Les processus lourds entraînent inexorablement de la bureaucratie. La bureaucratie est un problème dans toutes les organisations d’une certaine taille, privées ou publiques, pas seulement pour celles qui développent des logiciels. On a cru que la numérisation allait simplifier les usages, c’est bien souvent l’inverse qui s’est produit pour les utilisateurs et les usagers des services publics.
Plutôt que chercher à standardiser un enchaînement de travaux élémentaires forcément détaillés, les expérimentations de l’agilité nécessitent beaucoup moins de procédures et de documents pour produire un résultat.

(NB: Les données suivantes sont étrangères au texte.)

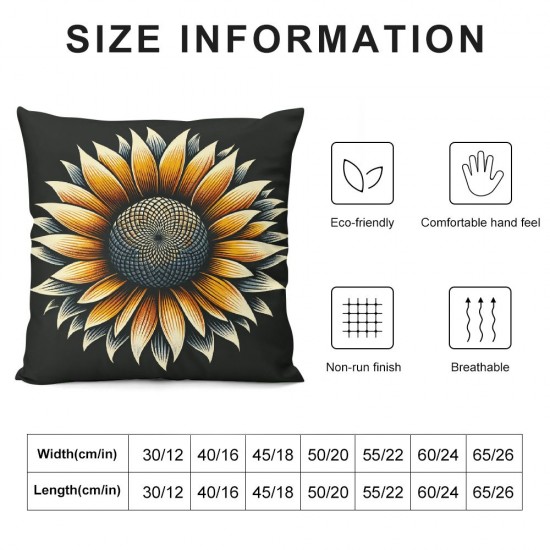 Ulloord Aesthetic Lovely Sunflowers Throw Pillow Covers Summer Wild Floral Cartoon Art Painting Pillow Case Pillowcases for Home Decor Sofa Outdoor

Une équipe autonome plutôt que de la hiérarchie
L’autonomie d’une équipe est sa capacité à se donner elle-même sa propre loi, à définir ses propres règles.
Rôles des coéquipiers
Au sein du collectif, la place et le bien-être de l’individu sont importants. Comme il n’y a pas de chef qui définit et assigne les tâches, ce sont les coéquipiers qui décident comment décomposer le travail et l’accomplir. Il n’y a pas non plus de rôle spécialisé (architecte, développeur web, testeur, etc.). Chacun se détermine et le Scrum Master (ou équivalent avec un autre nom) facilite la vie de l’équipe. L’ambiance dans l’équipe s’en trouve améliorée.
Facilitation
La facilitation est l’art d’augmenter le pouvoir d’agir d’un groupe.
L’agilité incite l’équipe à s’organiser elle-même pour effectuer le travail. Le Scrum Master est là pour faciliter cette auto-organisation et mettre les coéquipiers en confiance. Cette facilitation, qui permet à l’équipe de décider et de s’engager, possède donc un sens.
Prises de décision collectives
La prise de décision autoritaire, celle qui vient encore en premier dans l’esprit de beaucoup de monde —c’est le chef qui doit décider— ne correspond pas à la vision d’une équipe agile. C’est d’ailleurs est un signe qui permet d’identifier le faux-agile.
Avec l’agilité, la plupart des décisions sont collectives. Pour ne pas ralentir certaines décisions, des leaders sont désignés, ponctuellement comme dans la sollicitation d’avis ou avec le rôle de Product Owner pour les décisions sur le produit.
La confiance plutôt que le contrôle
Le contrôle fait perdre beaucoup de temps. Cependant la confiance ne se décrète pas. Il convient de mettre en confiance une équipe.
favoriser la prise d’initiative et éviter les contrôles dans la vie de l’équipe.
Cette mise en confiance se construit principalement lors de la naissance de l’équipe. Voici deux pratiques qui y concourent.
Alignement avec les parties prenantes
Il s’agit d’être sur la même longueur d’ondes au sein de l’équipe et surtout entre l’équipe et les parties prenantes. Pour donner confiance, les sponsors et managers doivent lâcher prise. La confiance se bâtit lors du prélude1, avec une recherche d’un alignement sur une vision partagée.
Cette construction de la confiance prend du temps au début, pour en faire gagner beaucoup par la suite en évitant les contrôles.
Règles de vie commune
Pour se mettre en confiance, l’équipe définit ses règles de vie en commun.
Un moyen de favoriser la confiance est de créer une hétérotopie2, c’est-à-dire un espace de vie différent, qui lui sera dédié et dans lequel elle aura ses propres règles (en phase avec l’agilité) et son propre décor.
Ainsi autonome — et cependant alignée sur une vision partagée — elle pourra ainsi mieux s’épanouir avec des coéquipiers débarrassés de leur anxiété due à la culture du contrôle.